Fragility of the Electrical Grid

According to a recent paper written by Robert Bryce1, the US electric grid has a generation capacity of 1.25TW and is interconnected across the continent by:

  • 6.1 million miles of wire, poles and transformers
  • 12,538 utility scale power plants
  • 9 federal power agencies
  • 2,003 public utilities
  • 856 coops
  • 315 power marketers
  • 178 investor owned utilities

This ad hoc compilation of disparate parts and systems results in an extremely complex and potentially unstable system! The vulnerability challenges that the grid is facing can be categorized into a few main areas:

  1. Complex interconnections – All of the different organizations involved in the regulation, power generation, transmission, and distribution of electric power create a myriad of single points of failure. These single points of failure may be minor but could cause a cascade of additional failures impacting a large geographical area.
  2. Aging infrastructure – Much of the US power grid is outdated and in need of modernization. These aging components add to the risk and complexity identified in point (1) above.
  3. Extreme weather – Weather events can cause outages due to loss of sub stations or powerplants, downed powerlines, etc.. Add to this grids that don’t have enough gas, hydro, or nuclear power generation to cover their demand when that demand is high and wind turbines or solar are not producing.
  4. Overload – The pace of urbanization has outstripped the pace of new power generation capacity. This results in increased grid overload and eventually brownouts or blackouts.
  5. Cybersecurity – Technology has advanced over the years and the threat of cyber attacks on our power grids is significant2, 4, 5. Although, there are many efforts underway to address this (reference this paper published in September 2021 “Cybersecurity in Power Grids”3) we still have a lot of work to do in this area.

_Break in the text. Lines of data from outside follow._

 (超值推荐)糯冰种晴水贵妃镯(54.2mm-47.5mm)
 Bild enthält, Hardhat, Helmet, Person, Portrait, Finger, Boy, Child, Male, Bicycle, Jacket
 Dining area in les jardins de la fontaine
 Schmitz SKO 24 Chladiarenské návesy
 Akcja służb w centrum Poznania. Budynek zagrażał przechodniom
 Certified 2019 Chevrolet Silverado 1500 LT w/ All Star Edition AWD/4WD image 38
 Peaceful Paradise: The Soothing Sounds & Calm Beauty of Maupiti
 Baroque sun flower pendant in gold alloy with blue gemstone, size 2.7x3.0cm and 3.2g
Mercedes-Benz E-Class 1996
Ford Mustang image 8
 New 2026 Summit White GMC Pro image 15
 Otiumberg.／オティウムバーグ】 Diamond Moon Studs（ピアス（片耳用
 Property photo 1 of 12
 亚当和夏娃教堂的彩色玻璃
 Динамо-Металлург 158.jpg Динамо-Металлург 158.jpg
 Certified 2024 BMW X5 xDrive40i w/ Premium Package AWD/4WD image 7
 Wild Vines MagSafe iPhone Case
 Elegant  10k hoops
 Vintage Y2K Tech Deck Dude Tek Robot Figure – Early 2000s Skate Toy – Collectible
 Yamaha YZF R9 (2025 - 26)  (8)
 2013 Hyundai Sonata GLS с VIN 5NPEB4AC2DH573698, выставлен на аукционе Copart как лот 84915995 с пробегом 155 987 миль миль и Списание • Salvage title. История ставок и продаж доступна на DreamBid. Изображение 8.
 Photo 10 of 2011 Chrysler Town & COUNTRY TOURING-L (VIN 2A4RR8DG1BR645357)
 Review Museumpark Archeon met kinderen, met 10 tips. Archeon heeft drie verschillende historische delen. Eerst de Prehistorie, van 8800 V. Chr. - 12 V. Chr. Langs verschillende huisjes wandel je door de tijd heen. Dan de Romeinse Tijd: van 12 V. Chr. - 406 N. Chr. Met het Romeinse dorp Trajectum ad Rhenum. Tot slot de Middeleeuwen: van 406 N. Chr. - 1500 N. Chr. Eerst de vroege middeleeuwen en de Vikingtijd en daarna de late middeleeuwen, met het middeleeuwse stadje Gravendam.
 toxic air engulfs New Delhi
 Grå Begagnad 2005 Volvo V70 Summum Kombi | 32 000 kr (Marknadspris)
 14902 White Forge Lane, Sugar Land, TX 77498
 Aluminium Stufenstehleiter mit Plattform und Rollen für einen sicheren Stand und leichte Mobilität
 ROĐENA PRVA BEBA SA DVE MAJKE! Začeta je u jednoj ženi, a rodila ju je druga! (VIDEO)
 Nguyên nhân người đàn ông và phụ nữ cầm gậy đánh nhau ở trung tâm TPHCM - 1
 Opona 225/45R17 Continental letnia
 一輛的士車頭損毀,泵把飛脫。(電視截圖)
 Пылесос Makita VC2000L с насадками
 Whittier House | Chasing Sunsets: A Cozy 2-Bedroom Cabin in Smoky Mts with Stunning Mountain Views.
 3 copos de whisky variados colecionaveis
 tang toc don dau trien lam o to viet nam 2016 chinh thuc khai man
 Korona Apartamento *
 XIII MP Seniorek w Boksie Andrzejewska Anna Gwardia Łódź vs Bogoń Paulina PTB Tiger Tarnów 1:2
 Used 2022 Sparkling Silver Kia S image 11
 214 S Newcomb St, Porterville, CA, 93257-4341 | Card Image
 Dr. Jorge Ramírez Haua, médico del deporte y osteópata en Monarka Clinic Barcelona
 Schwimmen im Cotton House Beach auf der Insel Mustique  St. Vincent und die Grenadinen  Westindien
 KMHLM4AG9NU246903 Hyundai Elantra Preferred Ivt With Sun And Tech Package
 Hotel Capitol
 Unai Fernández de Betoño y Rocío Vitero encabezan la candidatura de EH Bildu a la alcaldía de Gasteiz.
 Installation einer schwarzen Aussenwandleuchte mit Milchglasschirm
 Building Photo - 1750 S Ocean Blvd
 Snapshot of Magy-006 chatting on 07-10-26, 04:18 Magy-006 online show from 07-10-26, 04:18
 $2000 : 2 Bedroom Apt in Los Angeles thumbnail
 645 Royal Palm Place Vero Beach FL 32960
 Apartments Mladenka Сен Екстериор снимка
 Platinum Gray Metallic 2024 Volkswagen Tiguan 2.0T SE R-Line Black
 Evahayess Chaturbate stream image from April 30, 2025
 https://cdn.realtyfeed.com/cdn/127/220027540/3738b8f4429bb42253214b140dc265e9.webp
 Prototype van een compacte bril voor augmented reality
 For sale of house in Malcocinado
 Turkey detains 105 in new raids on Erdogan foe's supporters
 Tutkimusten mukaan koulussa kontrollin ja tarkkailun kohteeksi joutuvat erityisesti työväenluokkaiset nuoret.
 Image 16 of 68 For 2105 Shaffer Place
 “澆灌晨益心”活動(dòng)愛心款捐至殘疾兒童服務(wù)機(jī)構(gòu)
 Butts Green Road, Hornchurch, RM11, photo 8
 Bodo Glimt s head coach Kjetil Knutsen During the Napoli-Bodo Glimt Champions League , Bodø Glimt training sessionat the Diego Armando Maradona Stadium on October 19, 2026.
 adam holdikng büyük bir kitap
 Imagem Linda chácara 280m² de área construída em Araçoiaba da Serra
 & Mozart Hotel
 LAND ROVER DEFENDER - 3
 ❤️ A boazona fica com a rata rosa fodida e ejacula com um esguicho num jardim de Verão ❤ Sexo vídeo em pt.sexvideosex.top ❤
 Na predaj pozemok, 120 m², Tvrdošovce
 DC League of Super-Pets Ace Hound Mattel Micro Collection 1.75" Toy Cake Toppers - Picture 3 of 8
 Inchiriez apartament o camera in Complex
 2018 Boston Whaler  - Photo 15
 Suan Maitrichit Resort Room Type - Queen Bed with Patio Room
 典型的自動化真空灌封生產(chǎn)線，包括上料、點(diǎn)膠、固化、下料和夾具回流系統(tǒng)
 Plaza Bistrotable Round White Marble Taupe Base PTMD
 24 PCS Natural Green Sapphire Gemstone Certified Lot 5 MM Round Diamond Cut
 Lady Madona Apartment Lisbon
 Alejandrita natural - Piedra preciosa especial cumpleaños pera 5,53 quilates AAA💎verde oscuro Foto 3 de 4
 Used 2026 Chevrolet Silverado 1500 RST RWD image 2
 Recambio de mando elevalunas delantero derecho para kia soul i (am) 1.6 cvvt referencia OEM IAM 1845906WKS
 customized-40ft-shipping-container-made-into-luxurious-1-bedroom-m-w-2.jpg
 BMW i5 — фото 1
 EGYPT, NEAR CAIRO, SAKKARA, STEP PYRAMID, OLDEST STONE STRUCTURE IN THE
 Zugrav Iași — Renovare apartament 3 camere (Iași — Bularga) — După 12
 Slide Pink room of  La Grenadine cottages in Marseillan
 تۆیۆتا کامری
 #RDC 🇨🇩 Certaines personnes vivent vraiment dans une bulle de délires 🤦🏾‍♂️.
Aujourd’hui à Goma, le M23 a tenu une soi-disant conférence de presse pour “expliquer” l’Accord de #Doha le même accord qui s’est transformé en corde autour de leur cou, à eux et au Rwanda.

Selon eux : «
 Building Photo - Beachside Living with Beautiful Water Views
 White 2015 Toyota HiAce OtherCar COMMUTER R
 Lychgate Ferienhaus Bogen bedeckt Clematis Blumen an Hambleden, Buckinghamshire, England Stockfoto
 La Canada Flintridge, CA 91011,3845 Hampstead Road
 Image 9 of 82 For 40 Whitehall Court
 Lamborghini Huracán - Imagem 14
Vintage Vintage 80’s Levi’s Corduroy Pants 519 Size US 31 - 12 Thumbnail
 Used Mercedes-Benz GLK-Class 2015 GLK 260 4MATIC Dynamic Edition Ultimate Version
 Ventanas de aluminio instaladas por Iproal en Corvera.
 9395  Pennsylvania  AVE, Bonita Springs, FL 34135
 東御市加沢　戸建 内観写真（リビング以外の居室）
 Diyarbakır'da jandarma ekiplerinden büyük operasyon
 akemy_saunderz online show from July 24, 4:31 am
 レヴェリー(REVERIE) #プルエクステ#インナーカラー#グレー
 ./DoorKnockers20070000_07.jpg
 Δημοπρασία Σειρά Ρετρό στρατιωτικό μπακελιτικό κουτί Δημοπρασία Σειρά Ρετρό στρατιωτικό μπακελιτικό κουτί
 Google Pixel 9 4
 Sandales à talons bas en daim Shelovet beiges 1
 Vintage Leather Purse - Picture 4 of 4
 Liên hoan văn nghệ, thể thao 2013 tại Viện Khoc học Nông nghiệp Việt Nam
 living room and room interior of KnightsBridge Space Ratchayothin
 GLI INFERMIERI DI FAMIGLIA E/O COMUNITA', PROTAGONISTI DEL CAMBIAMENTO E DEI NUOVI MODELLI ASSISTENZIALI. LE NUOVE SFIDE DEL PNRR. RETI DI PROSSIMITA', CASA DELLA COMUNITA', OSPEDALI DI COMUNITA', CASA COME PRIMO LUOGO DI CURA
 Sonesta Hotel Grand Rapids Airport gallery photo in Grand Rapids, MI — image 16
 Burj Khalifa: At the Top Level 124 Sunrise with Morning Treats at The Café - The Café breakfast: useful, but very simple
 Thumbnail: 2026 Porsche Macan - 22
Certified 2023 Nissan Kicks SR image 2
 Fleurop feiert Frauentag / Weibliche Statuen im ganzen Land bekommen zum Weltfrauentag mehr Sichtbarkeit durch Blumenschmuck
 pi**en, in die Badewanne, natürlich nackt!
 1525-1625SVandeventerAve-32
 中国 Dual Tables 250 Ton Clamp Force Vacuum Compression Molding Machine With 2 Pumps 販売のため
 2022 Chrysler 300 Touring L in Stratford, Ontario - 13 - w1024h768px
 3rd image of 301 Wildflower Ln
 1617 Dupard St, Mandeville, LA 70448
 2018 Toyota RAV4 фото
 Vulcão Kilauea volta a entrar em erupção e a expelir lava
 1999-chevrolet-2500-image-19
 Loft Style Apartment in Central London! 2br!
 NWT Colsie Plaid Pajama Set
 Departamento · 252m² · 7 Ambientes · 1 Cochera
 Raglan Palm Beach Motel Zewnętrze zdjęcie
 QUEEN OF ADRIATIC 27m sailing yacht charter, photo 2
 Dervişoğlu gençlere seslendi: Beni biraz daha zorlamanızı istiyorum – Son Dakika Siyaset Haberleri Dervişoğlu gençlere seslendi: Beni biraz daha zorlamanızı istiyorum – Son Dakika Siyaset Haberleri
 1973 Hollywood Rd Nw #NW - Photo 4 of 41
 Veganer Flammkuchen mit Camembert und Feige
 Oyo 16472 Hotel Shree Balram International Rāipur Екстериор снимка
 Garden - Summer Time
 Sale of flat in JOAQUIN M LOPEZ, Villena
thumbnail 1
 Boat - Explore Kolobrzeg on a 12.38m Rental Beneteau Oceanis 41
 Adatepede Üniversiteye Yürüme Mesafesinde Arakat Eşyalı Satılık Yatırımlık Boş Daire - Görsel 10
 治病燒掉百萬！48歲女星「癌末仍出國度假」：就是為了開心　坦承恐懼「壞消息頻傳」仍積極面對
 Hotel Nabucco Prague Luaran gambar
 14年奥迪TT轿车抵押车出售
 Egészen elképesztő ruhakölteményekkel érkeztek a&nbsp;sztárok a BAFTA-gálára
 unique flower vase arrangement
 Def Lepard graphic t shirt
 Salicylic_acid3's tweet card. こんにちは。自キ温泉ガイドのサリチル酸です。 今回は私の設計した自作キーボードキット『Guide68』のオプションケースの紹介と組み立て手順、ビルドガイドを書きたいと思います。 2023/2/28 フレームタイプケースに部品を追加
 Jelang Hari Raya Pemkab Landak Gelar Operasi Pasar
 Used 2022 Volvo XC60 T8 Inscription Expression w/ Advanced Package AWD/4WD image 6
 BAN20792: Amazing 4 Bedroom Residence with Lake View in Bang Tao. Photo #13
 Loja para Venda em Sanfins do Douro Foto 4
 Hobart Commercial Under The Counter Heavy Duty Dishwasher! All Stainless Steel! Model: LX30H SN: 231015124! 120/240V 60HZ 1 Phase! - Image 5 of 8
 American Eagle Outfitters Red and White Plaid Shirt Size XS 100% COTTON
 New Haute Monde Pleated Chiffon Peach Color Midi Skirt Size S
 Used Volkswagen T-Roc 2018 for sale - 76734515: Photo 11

Options for Backup Power Solutions for Your Business

The fragility of the US electrical grid system that is outlined above requires businesses to invest in backup power solutions that will keep them operational while the grid power is unavailable.

Every business is unique and the backup power solution for each business needs to be designed accordingly. Fortunately, there are many options and combinations of products available, including:

  1. Diesel – A standby power generator that is only stated and run during a power outage. When using HVO fuel, these sorts of systems have reduced emissions significantly. See What is HVO and Why Should You Care for more details.
  2. Battery – As battery technology is advancing, using batteries as part of your backup power is something that should be considered. They are particularly effective when you have a microgrid system that may need a method of storing extra power that cannot be used at the time it is generated.
  3. Natural Gas or Biogas – Natural gas power generation is much cleaner than diesel6 so this may be a great option for your business. If you have a source of biogas then you may be able to use this directly or blend7 it with natural gas to create low cost fuel source to generate electricity.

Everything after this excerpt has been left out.